**Image-text web data**.
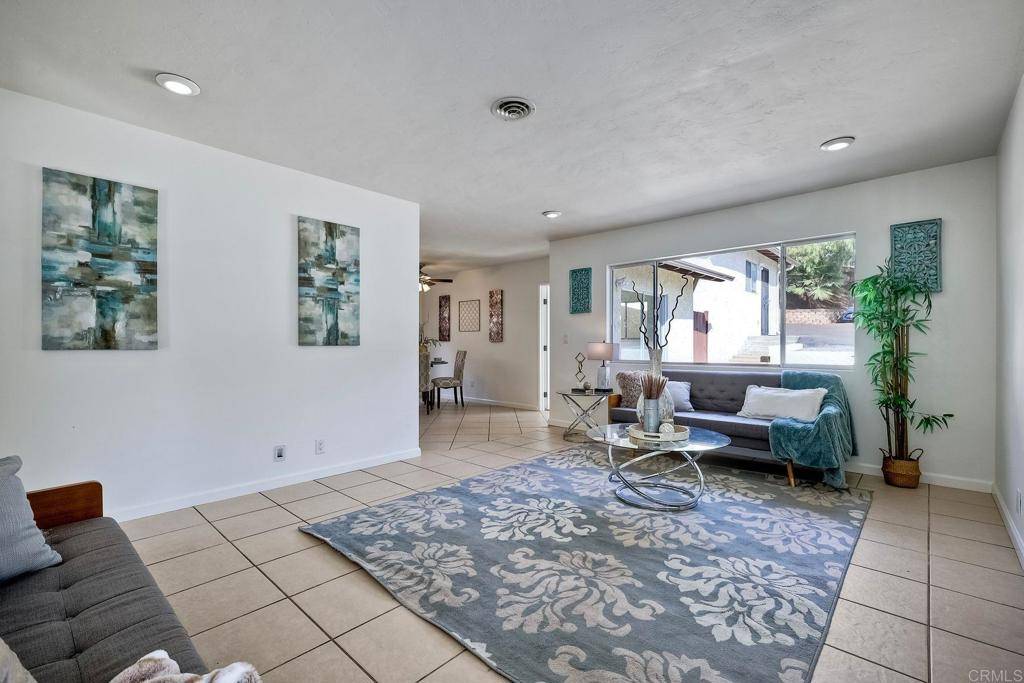 Vista, CA 92084,310 Hillside Ct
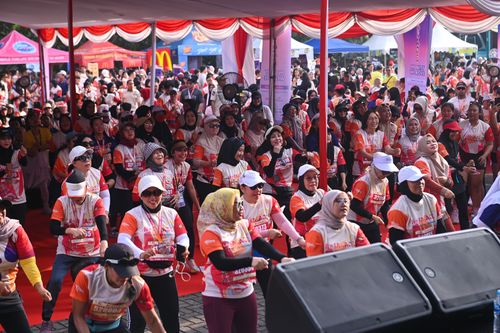 Race photo from NOTARACE 2025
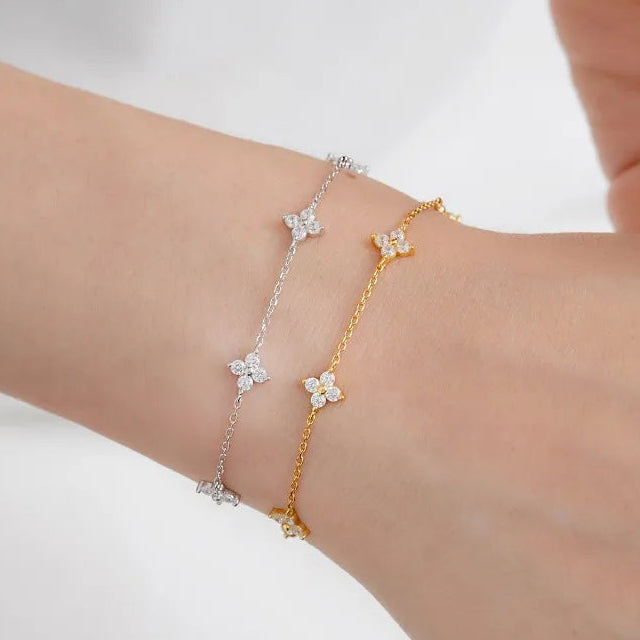 Verstelbare armband met klavertjes in strass 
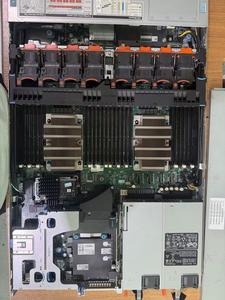 Châssis de serveur Dell R640 10 baies SFF 1U, 10 baies de disques 2,5 pouces, 100 % testé, châssis de serveur d'entreprise d'occasion, NVMe, vente en gros - Product Image 2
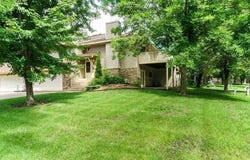 7291 Pontiac Circle, Chanhassen, MN 55317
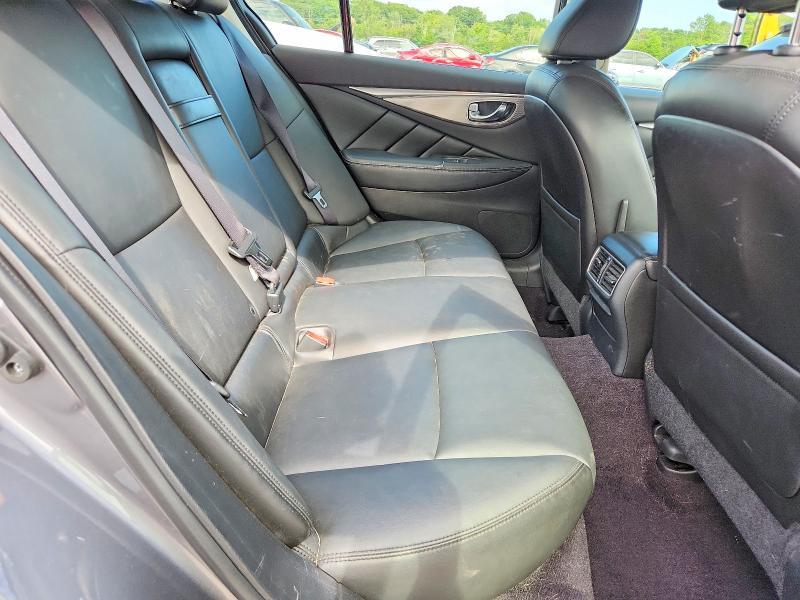 2017 INFINITI Q50 3.0T PREMIUM — Фото 10 из 12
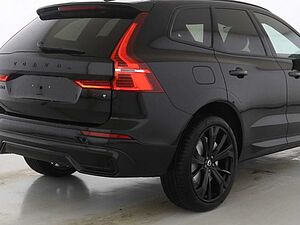 Volvo  T6 Plus Black Edition PANO|HK|360CAM|ACC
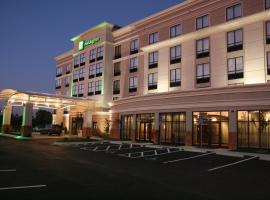 Holiday Inn Columbus-Hilliard, an IHG Hotel，位于New Rome的带停车场的酒店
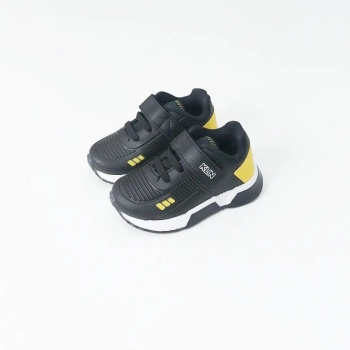 imagem TENIS LIGHT KLIN MENINO PRETO AMARELO ACENDE A LUZ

**YOUR OBJECTIVE**.
Your task is to set down exactly the lines that run from the line holding "7291 Pontiac Circle, Chanhassen, MN 55317" through the close of the entries, including both ends. Pictures stay out.

**FINAL ANSWER**.
 7291 Pontiac Circle, Chanhassen, MN 55317
 2017 INFINITI Q50 3.0T PREMIUM — Фото 10 из 12
 Volvo  T6 Plus Black Edition PANO|HK|360CAM|ACC
 Holiday Inn Columbus-Hilliard, an IHG Hotel，位于New Rome的带停车场的酒店
 imagem TENIS LIGHT KLIN MENINO PRETO AMARELO ACENDE A LUZ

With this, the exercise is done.